By the time of 1993 (the "Knightfall" saga in the Batman titles) this had changed. I remember it being stated that her biochemistry was so unusual that she could fatally poison a man just by touching him, bare skin to bare skin. (Kissing, for instance.) Not because she had carefully applied toxic lipstick immediately beforehand. Her powers have also grown to include "generating pheromones to overcome people's free will" and "controlling plants by sheer willpower."
On a similar note, for decades, Killer Moth used to be just another schmuck wearing a weird costume and using handguns and other weapons. In the 1990s, he made a "pact with the devil" which turned him into a scary insectoid creature now called "Charaxes."
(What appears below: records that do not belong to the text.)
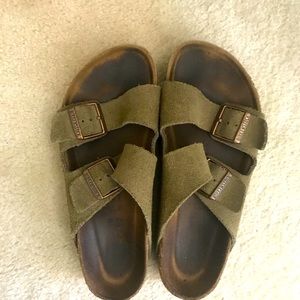 Birkenstocks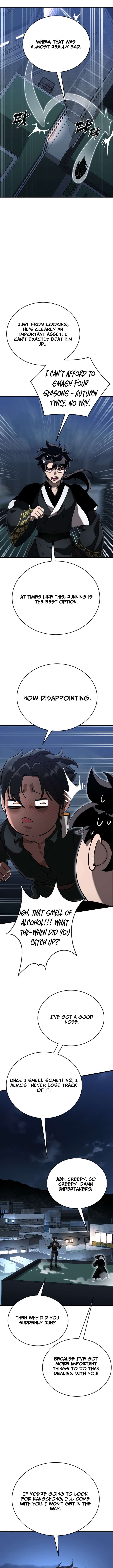 Reincarnation Path of The Underworld King Chapter 107 - Page 15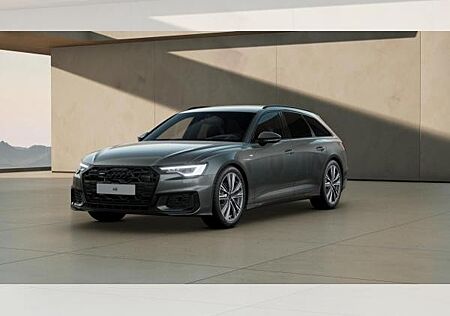 Audi A6 Avant S line 40 TDI quattro *Matrix*B&O*AHK*Optik schwarz+ *SOFORT*VORFÜHRWAGEN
When Killer Croc debuted in the early 1980s, he was simply a man with an unsightly skin condition that made him appear to have the scaly hide of a crocodile. He had a well-functioning brain and was ambitious to prove himself by seizing control of all the organized rackets in Gotham City. He was a strong, athletic man, but he didn't have superhuman strength, senses, or other "powers."
But in the 1990s his head started being shaped more like a crocodile-head and less like "a regular man's head covered with scales." I believe he likewise developed a long, flickering tongue, and was eventually established to have a "metagene" which meant he had superhuman strength and other crocodile-like characteristics. Also, his IQ appeared to be dropping like a rock as he became more animalistic.
Also in the 1990s, a very obscure Batman villain named "Spellbinder" (who, like Mirage, had used hypnotic technology) was murdered and replaced by his girlfriend, who, like Killer Moth at about the same time, made "a pact with the devil" (a demonic villain named Neron) in order to acquire true hypnotic superpowers for future use.
Meanwhile, Bane debuted in the early 1990s as a villain who used a sort of super-steroid drug called "Venom" to make himself a great deal stronger than Batman was. You could call that a borderline superpower, although it depended upon the constant use of the drug being pumped into his veins, instead of being inherent in every cell of Bane's own body.
Summary: From very early on, Batman has occasionally fought people who had "real superpowers" that had either a scientific or supernatural basis, but before the 1990s, that was a very small portion of his Rogues' Gallery. More recently, it has become more common for him to be fighting superpowered adversaries (sometimes ones who started out as somebody else's foes in the DC Universe).